* WHAT THE TASK REQUIRES
Your copy should hold only the lines from the one with "What we've got" to the one with "The analysis is", both included, each exactly as it stands below, with no pictures.

* DATA
════════════════════

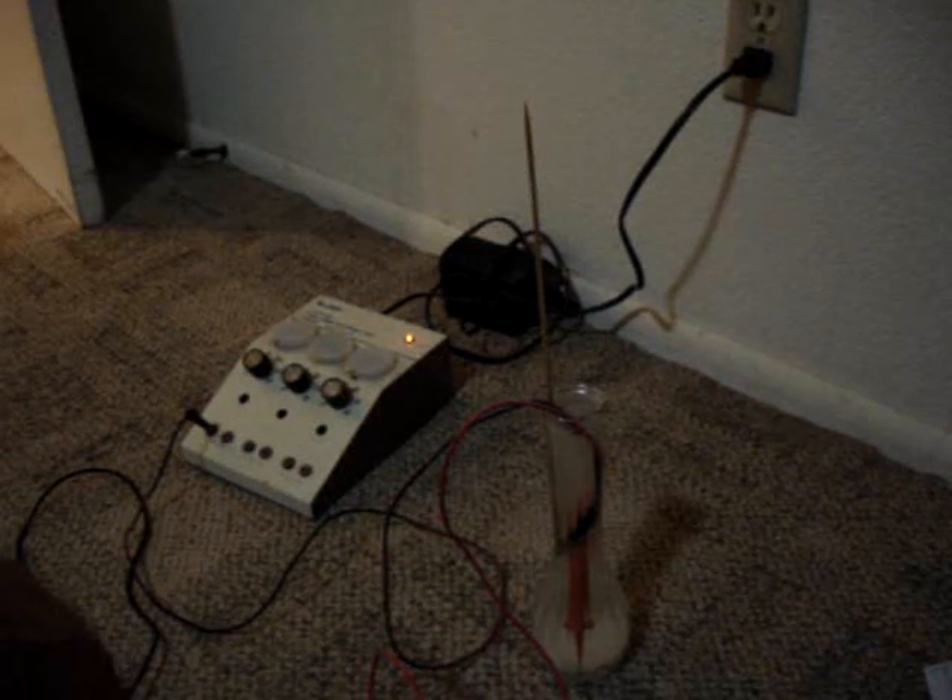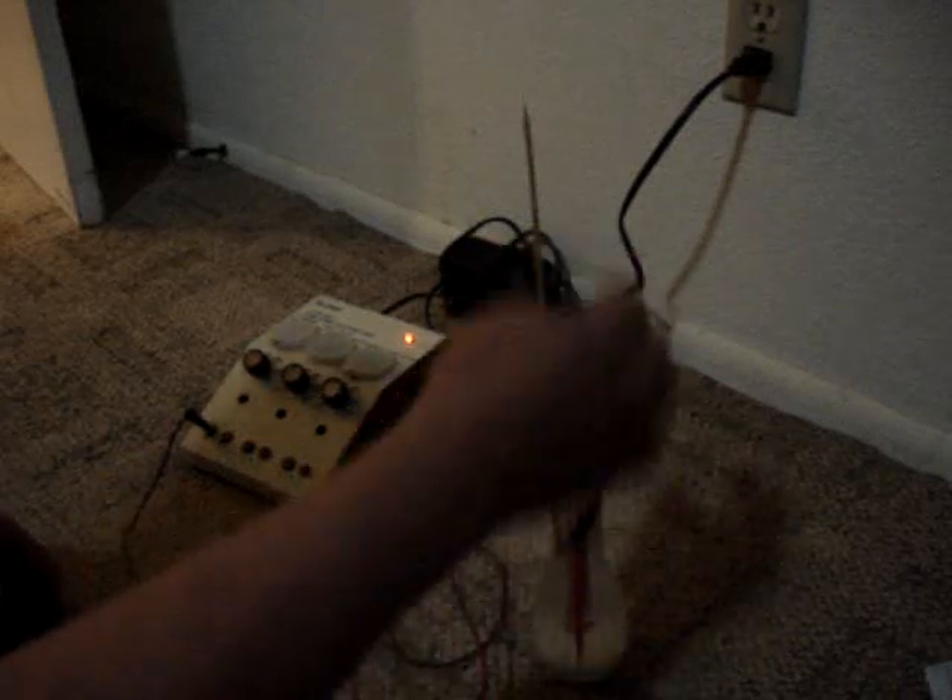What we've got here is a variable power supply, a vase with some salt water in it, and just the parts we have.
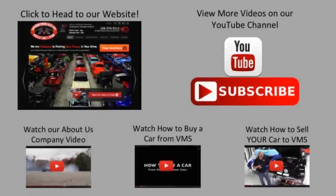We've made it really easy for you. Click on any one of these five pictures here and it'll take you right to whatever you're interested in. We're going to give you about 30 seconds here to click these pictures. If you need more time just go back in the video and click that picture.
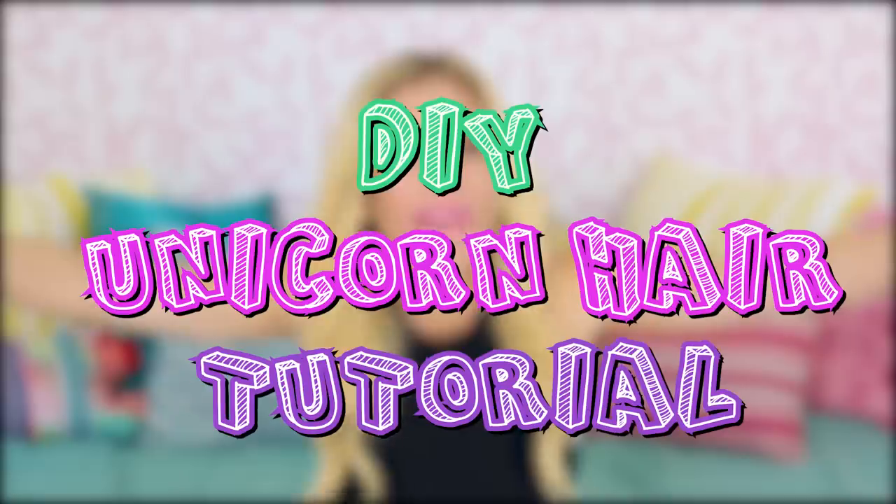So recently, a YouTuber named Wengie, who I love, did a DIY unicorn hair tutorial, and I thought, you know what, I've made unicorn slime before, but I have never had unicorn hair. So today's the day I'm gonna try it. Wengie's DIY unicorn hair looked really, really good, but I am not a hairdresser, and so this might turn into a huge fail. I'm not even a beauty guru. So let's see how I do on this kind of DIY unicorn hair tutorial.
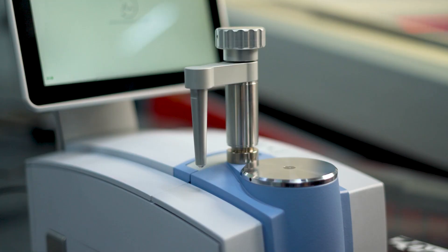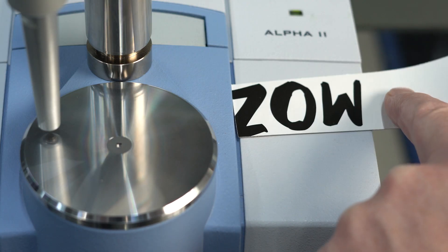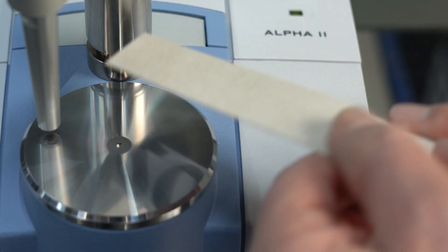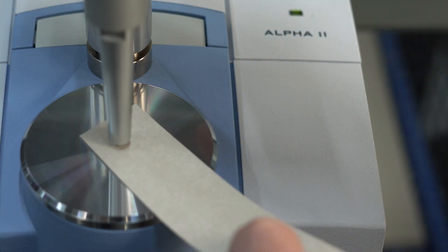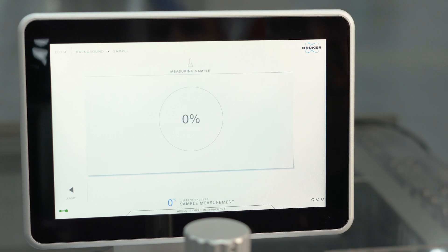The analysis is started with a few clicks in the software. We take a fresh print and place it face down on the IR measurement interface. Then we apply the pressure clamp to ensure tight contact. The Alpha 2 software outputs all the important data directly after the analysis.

════════════════════

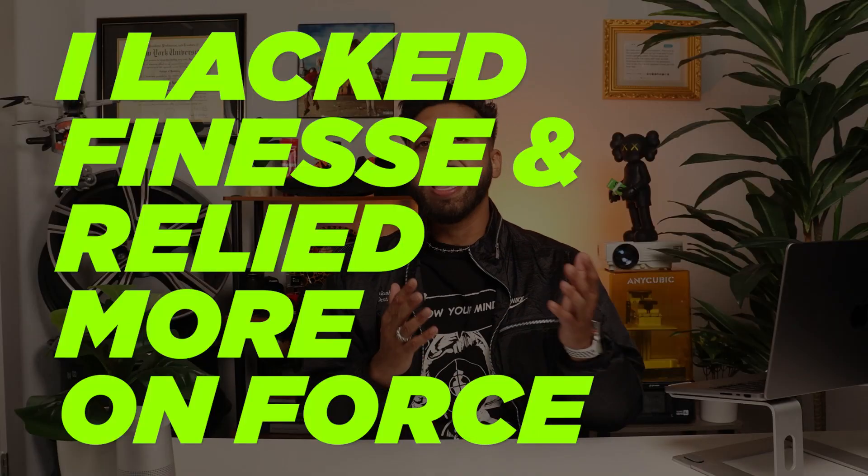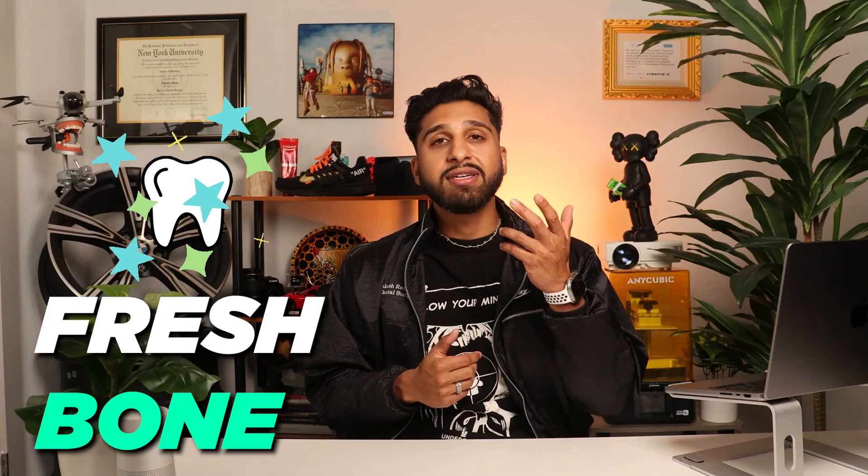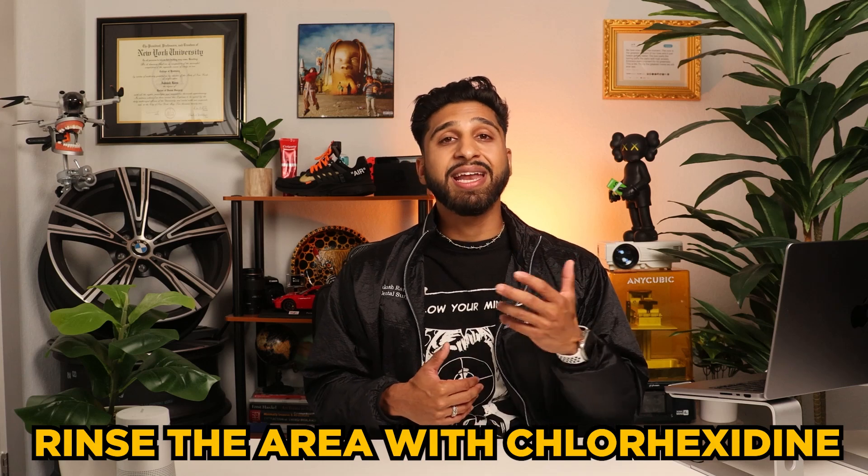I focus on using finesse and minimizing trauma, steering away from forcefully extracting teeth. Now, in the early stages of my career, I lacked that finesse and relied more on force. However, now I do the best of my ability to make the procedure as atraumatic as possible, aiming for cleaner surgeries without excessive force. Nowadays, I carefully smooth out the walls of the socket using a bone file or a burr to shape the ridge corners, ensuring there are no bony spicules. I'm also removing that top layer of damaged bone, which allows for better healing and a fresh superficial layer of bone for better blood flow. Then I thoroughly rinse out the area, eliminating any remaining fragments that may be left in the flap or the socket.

════════════════════

* WRITTEN SOLUTION
What we've got here is a variable power supply, a vase with some salt water in it, and just the parts we have.
We've made it really easy for you. Click on any one of these five pictures here and it'll take you right to whatever you're interested in. We're going to give you about 30 seconds here to click these pictures. If you need more time just go back in the video and click that picture.
So recently, a YouTuber named Wengie, who I love, did a DIY unicorn hair tutorial, and I thought, you know what, I've made unicorn slime before, but I have never had unicorn hair. So today's the day I'm gonna try it. Wengie's DIY unicorn hair looked really, really good, but I am not a hairdresser, and so this might turn into a huge fail. I'm not even a beauty guru. So let's see how I do on this kind of DIY unicorn hair tutorial.
The analysis is started with a few clicks in the software. We take a fresh print and place it face down on the IR measurement interface. Then we apply the pressure clamp to ensure tight contact. The Alpha 2 software outputs all the important data directly after the analysis.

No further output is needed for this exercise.